I now live in Houston and work at the College of Biblical Studies - two realities that I could have never predicted mere months ago. In addition, we attend a new church and are making new friends both there and at work. I suspect we'll make more friends in our neighborhood and at the fire department. A whole new life will be carved out in a place we did not see ourselves until it occurred. Vision is overrated when one can't really see around the corner. All that can be entertained and decided upon is what attitude and mindset will be in place to meet the new life events.
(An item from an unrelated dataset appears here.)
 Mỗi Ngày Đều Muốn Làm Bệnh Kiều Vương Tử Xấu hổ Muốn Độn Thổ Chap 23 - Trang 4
Therefore, the chief mindset I am disciplining myself to maintain right now is to have an adventurous spirit. Along that line, because I'm heavily influenced by music, I spend a lot of time right now listening to music that will encourage that adventurous spirit. My music collection ranges from movie soundtracks, to classical, to country and rock. Not all of it encourages the same mood though. Some of it expresses isolation, such as the score to Cast Away. I played that music in my iPod as I packed to come here to Houston. Some of it expresses discovery, such as the score to Angels & Demons. I played this in my iPod when I first drove to visit the CBS and DTS Houston campus three weeks ago. Other music expresses the playfulness I feel when wrestling with my kids or engaged in a pillow fight with them. I play music from Pirates of the Caribbean (Dead Man's Chest) when I really miss my kids and want to "feel" them through the music.

However, I have music that really keeps me in the adventurous spirit. Oh sure there are the obvious scores to the Indiana Jones movies (all four of them), The Mummy, National Treasure, Sahara or Armageddon. But sometimes I need a little more convincing. The sliver of resident cynicism within me needs more subtle persuasion than the bombast of heroic themes. Perhaps one that communicates preferred outcomes through messy struggle. Lately the score to Blood Diamond has met this need. I play it on my iPod when walking through the neighborhood where I'm staying, while getting ready for the work day or winding down.

Music is so important, it not only expresses the mood, but can influence it also. I advise people to choose their favorite music carefully, for its power can be wielded toward non-preferred ends as well. Those experiencing depression should possibly lay off Blues music, or possibly scale back on Rob Zombie if they're having trouble concentrating. That's just my opinion.

For now, I have plenty of music at my disposal to help maintain the best attitude regarding all of our new adventures. The adventure music reminds me to keep on my toes, with heightened senses ready to take advantage of the opportunities that will emerge that we could not have foreseen.